Azure Stream Analytics Documentation

Monitoring and Alerting

Monitoring and Alerting for Azure Stream Analytics

Effective monitoring and alerting are crucial for ensuring the health, performance, and reliability of your Azure Stream Analytics (ASA) jobs. This section covers key metrics, common alert scenarios, and best practices for setting up comprehensive monitoring.

Key Metrics to Monitor

Azure Stream Analytics provides a rich set of metrics that offer insights into the operational status of your jobs. Here are some of the most important ones:

Sucessful Events Input
1.5M
Late Input Events
150
Errors Input
3
Sucessful Events Output
1.49M
Degraded Input Events
0
Errors Output
0
⚙️
CPU Percentage
75%
💧
Watermark Delay
5s

Common Alerting Scenarios

Setting up alerts for specific conditions can help you proactively address issues before they impact your application. Here are some common scenarios:

Input Errors

Alert when the number of input errors exceeds a defined threshold. This could indicate issues with data sources or connection problems.

Trigger Condition: InputErrors > 0 for 5 minutes

Output Errors

Notify when errors occur during data output. This might point to problems with sinks or serialization issues.

Trigger Condition: OutputErrors > 0 for 5 minutes

Late Input Events

Get alerted if a significant number of events are arriving late. This can impact the accuracy of time-sensitive analysis.

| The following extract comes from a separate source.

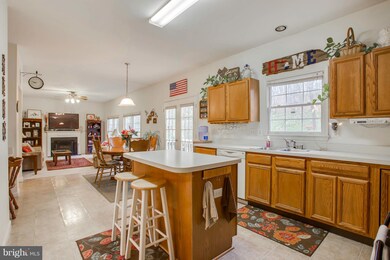 16105 Olmstead Ln, Woodbridge, VA 22191 - photo 4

Trigger Condition: LateInputEventsPercentage > 1% for 10 minutes

Watermark Delay

Monitor the watermark delay to understand how far behind your job is in processing real-time data.

Trigger Condition: WatermarkDelay > 30 seconds for 5 minutes

Resource Utilization

Track CPU usage and memory to ensure your job is performing optimally and to identify potential bottlenecks.

Trigger Condition: CPUPercentage > 80% for 15 minutes

Configuring Alerts in Azure Monitor

Azure Monitor provides a centralized platform for setting up and managing alerts for your Stream Analytics jobs.

  1. Navigate to your Azure Stream Analytics job in the Azure portal.
  2. In the left-hand menu, select Metrics under the Monitoring section.
  3. Click on New alert rule.
  4. Scope: Ensure your Stream Analytics job is selected.
  5. Condition:
    • Select the Signal name (e.g., Input Errors, Output Errors, Late Input Events Percentage, Watermark Delay, CPU Percentage).
    • Configure the Alert logic (e.g., Threshold, Operator, Aggregated value).
    • Set the Evaluation based on settings (e.g., Across time series, Per time series).
    • Specify the Period and Frequency of evaluation.
  6. Actions:
    • Create or select an Action group. Action groups define what happens when an alert is triggered (e.g., send an email, SMS, trigger a webhook, run an Azure Function).
  7. Details:
    • Provide a descriptive Alert rule name.
    • Select the Severity of the alert.
    • Add an optional Description.
  8. Review and create the alert rule.

Best Practices for Monitoring and Alerting

  • Start with Key Metrics: Focus on input/output errors, late events, and watermark delay first.
  • Tune Thresholds: Avoid overly sensitive alerts that create noise. Regularly review and adjust thresholds based on your job's baseline performance.
  • Use Action Groups Effectively: Integrate alerts with your existing IT operations workflows (e.g., ticketing systems, PagerDuty).
  • Monitor Resource Utilization: Keep an eye on CPU and memory to proactively scale your ASA job if needed.
  • Test Your Alerts: Periodically simulate conditions that should trigger alerts to ensure they are working as expected.
  • Leverage Log Analytics: For more in-depth debugging, consider sending ASA diagnostic logs to Azure Log Analytics for advanced querying and analysis.
  • Set Up Custom Metrics: If standard metrics aren't sufficient, explore creating custom metrics within your ASA query to track specific business logic KPIs.